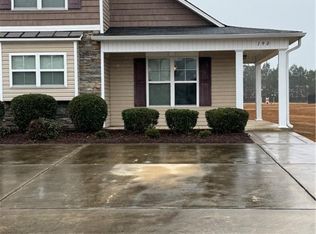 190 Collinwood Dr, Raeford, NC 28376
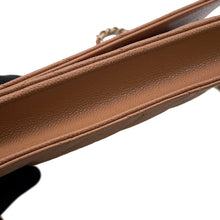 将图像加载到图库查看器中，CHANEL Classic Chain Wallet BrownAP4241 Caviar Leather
--
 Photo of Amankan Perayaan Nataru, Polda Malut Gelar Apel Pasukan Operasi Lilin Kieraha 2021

> Work to complete: What you need to produce is an exact copy of the entries above, limited to the lines from the one with "190 Collinwood Dr, Raeford, NC 28376" up to and including the one with "将图像加载到图库查看器中，CHANEL Classic Chain", without pictures.

> Answer to the exercise:
 190 Collinwood Dr, Raeford, NC 28376
 将图像加载到图库查看器中，CHANEL Classic Chain Wallet BrownAP4241 Caviar Leather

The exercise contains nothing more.